Top of The records

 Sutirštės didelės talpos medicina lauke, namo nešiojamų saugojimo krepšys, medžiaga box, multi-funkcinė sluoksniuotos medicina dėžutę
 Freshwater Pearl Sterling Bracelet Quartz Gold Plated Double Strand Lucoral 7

Bottom of The records
Top of The records

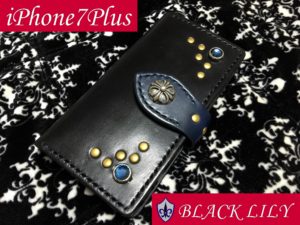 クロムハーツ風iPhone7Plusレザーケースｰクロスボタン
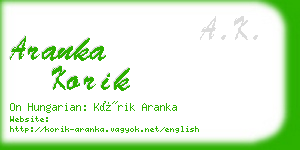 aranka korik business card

Bottom of The records
Top of The records

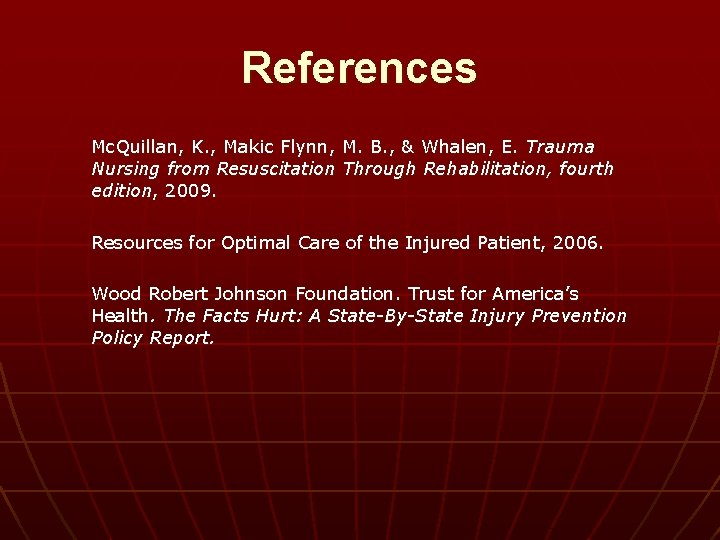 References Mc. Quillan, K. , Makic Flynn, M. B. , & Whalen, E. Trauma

Bottom of The records

The output should be exactly the lines above from the line containing "Sutirštės didelės talpos" to the line containing "Freshwater Pearl Sterling", inclusive, with no other lines.

Solution:
 Sutirštės didelės talpos medicina lauke, namo nešiojamų saugojimo krepšys, medžiaga box, multi-funkcinė sluoksniuotos medicina dėžutę
 Freshwater Pearl Sterling Bracelet Quartz Gold Plated Double Strand Lucoral 7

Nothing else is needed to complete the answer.